## Task description
Copy exactly, and only, the lines from the line containing "ALPET Yönetimi Bölge" through the last line of the records below, both included.

Records from a data collection:
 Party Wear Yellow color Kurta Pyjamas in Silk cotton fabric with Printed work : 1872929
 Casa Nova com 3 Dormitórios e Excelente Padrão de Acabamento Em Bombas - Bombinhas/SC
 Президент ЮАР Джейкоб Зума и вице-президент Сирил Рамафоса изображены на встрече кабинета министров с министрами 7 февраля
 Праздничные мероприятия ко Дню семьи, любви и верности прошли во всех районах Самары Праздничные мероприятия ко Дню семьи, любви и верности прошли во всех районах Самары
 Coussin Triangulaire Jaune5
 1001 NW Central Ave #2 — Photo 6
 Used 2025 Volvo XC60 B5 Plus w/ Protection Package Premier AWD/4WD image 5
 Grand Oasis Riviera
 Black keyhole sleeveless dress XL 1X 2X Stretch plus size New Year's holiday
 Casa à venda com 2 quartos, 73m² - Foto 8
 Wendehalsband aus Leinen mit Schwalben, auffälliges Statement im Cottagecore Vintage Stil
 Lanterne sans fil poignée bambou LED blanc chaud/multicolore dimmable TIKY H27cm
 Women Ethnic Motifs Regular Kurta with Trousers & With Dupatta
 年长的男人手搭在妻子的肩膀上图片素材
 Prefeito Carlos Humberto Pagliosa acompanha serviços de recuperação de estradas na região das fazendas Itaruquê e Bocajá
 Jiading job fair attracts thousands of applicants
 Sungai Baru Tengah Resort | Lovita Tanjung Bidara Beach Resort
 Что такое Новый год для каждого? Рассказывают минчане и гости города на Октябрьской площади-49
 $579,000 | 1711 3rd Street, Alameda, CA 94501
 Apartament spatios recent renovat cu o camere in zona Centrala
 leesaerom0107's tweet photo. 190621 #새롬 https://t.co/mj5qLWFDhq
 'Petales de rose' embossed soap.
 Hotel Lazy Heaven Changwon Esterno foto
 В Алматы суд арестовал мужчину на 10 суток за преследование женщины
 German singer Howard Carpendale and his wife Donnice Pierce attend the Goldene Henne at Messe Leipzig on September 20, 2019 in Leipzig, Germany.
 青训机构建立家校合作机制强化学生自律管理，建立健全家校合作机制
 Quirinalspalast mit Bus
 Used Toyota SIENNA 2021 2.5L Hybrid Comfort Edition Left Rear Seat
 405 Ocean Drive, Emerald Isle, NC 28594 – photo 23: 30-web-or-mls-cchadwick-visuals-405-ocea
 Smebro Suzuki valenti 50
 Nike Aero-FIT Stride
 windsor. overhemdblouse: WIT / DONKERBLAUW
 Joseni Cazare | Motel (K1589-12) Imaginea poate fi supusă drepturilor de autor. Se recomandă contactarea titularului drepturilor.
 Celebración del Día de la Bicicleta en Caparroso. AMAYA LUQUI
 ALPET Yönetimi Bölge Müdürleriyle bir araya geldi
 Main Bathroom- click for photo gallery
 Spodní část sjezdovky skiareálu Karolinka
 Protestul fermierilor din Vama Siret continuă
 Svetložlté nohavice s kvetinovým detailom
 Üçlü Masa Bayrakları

## Task output
 ALPET Yönetimi Bölge Müdürleriyle bir araya geldi
 Main Bathroom- click for photo gallery
 Spodní část sjezdovky skiareálu Karolinka
 Protestul fermierilor din Vama Siret continuă
 Svetložlté nohavice s kvetinovým detailom
 Üçlü Masa Bayrakları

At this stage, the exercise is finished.